Well, if you never heard of color blindness, could you see that this test was ambiguous? Of course not. It would not even occur to you that someone could be confused by this. Hence, in a sense, your possession of extra information obscures your ability to spot that others, without this extra information, might run into a problem spotting what you spot.
In the jury trial, the "shysters" were known to be people having no axe to grand but simply used by the person thought to be the true shyster. However, we all knew this, except for the jury. Without being told this, the jury could have thought that the three innocent bystanders were actually running the game and tricking the one alleged shyster. Spotting that possible misconstruction, enabled by a lack of information, was not obvious because it is difficult to empathize with someone lacking facts if you do not think about all possible fact patterns lacking sopme information that you have and the implications of this missing information on possible conclusions.

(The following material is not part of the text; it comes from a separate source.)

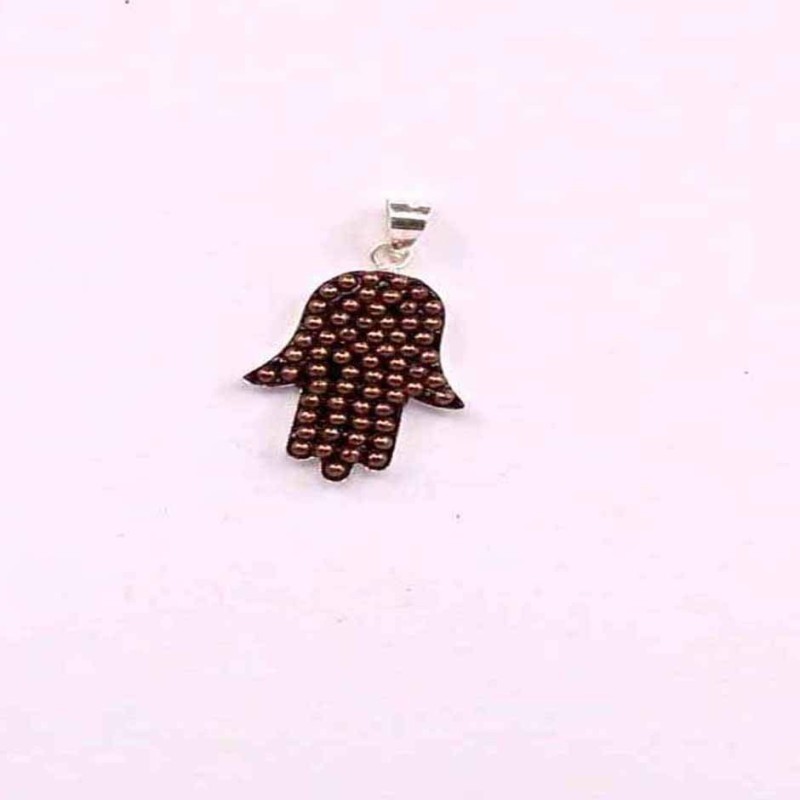 Pendant hand micropearl coffe color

Often times, life and bridge have parallels. This of course made me think, next, about bridge "reverse optical illusions." I mean, if you have Qxx in hand opposite Axx on Dummy, do you easily spot the fact that LHO might think that you have QJ9 in hand instead and might duck the Queen? You might after reading about it or seeing it come up of having a fortunate eureka moment. But, this is not easy, because you see what you know and not what the opponents might not know.
I thought about how to develop this ability, or how to add this into Declaring as a "step." One classic approach is "ARCH," for Analyze the lead, Review the bidding, Count your losers and tricks, and How are you going to play this. Maybe a missing step is to sort of hide your hand from yourself and study Dummy from the opponents' perspective. Give them cards you know them to have or to possibly have, and place your cards plus their missing cards into their unknown stack. Then, imagine possible defenses that you would consider from their illusion.
The same, of course, if possible on defense, but even trickier. It even arises in bidding (classic being the short-cards raise of partner to make each opponent think that their 3-card holding must be opposite a stiff).
But, the key might be simply in understanding the concept of the reverse optical illusion.